Irreducibility of polynomials in ring In text book "A course in abstract algebra" by author Khanna & bhambri" it  is given that,
f(x) = 2( x^2) + 2  is irreducible polynomial over Z. 
Because they used the definition "let R be an Integral domain with unity then a polynomial f(x) in R[x] of positive degree (i.e. deg ≥ 1) is said to be  irreducible polynomial over R if it can not be expressed as product of two polynomials of positive degree. In other words, if whenever f(x) = g(x)• h(x) 
Then deg g = 0 or deg h = 0.
Here f(x) = 2(x^2) + 2 = 2(x^2 + 1) 
Clearly deg g = deg(2) = 0. 
So f(x) is irreducible polynomial over Z by above definition. 
But in book "Contemporary abstract algebra" by "Joseph A. Gallian", they used the definition,
"Let D be an integral domain. A polynomial f(x) in D[x] that is neither a zero polynomial nor unit in D[x] is said to be irreducible over D if, whenever 
f(x) = g(x) • h(x) with, g(x) & h(x) from D[x], then g(x) OR h(x) is unit in D[x]."
Now here f(x) = 2(x^2) + 2 = 2( x^2 + 1)
Clearly neither 2 nor x^2 + 1 in Z[x] are unit.
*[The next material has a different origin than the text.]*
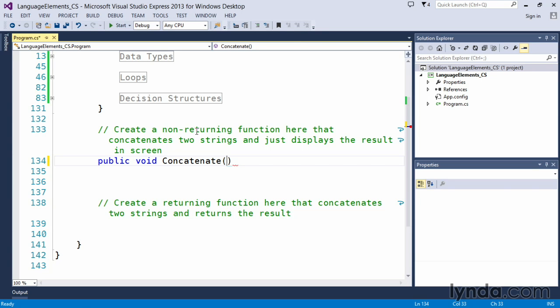And when we create a function, it's going to expect us to potentially provide something called arguments. And arguments are the data that we will use within this function to do something or perform something. And in this case, we have created one called concatenate.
So that f(x) is reducible by definition of book by "Joseph A. Gallian".
So one book says, it is irreducible over Z but other says it is reducible over Z.
Please suggest me which one I should prefer? .
 A: To dramatize the flaw in the definition given in the text by "Khanna & Bhambri" (K &B), consider the polynomials
$$x,\;2x,\;3x,\;6x$$
By K&B's definition, the above polynomials are all irreducible in $\mathbb{Z}[x]$. Moreover, since none of them is a unit factor times one of the others, they would be regarded as distinct irreducibles (i.e., none is an "associate" of any of the others).
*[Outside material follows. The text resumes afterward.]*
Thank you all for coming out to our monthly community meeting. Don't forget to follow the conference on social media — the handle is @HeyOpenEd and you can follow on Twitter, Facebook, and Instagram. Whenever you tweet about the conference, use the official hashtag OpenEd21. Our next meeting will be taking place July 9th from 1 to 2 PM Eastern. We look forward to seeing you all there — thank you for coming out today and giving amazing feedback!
But then the polynomial $6x^2$ factors in $\mathbb{Z}[x]$ in two different ways
$$6x^2 = (2x)(3x)\qquad\text{and}\qquad 6x^2 = (x)(6x)$$
as a product of irreducible elements, thus breaking "unique factorization".

As I mentioned in my prior comment, it appears that the K&B text (perhaps accidentally) conflated irreducibility in $\mathbb{Z}[x]$ with irreducibility in $\mathbb{Q}[x]$.

I would regard it as an error, and use the standard definition instead (e.g., Gallian's definition), but check to make sure your teacher agrees.

In any case, good catch!
A: I think Gallian's definition is the more standard definition for the general definition of irreducible.  One typically defines a non-zero non-unit $a\in R$ to be irreducible if $a=bc$ implies $(a)=(b)$ or $(a)=(c)$.  Things are a bit more complicated if the ring has zero-divisors.  
This definition means $2(x^2+1)$ is not irreducible since it factors into $2\cdot (x^2+1)$ and $2(x^2+1) \subsetneq (2)$ and $2(x^2+1) \subsetneq (x^2+1)$.  You see though that if you are looking at polynomials over a field, the definitions coincide since any non-zero, degree $0$ polynomial would be a unit and $(a)=(\lambda a)$ for any unit $\lambda$ and any element $a \in R$.
I should elaborate on why this definition is the same as Gallian's in $D[X]$ where $D$ is a domain.  If suppose $f$ is irreducible and $f=gh$.  Then suppose WLOG, $(f)=(g)$  This means $g=fd$ for some polynomial $d$.  But then $f=(fd)h$, cancellation (since $D[X]$ is a domain if and only if $D$ is) implies $dh=1$ so $h$ is  unit.  Clearly the converse holds.  If $f=gh$ implies $g$ or $h$ is a unit, then $(f)=(h)$ or $(f)=(g)$, respectively.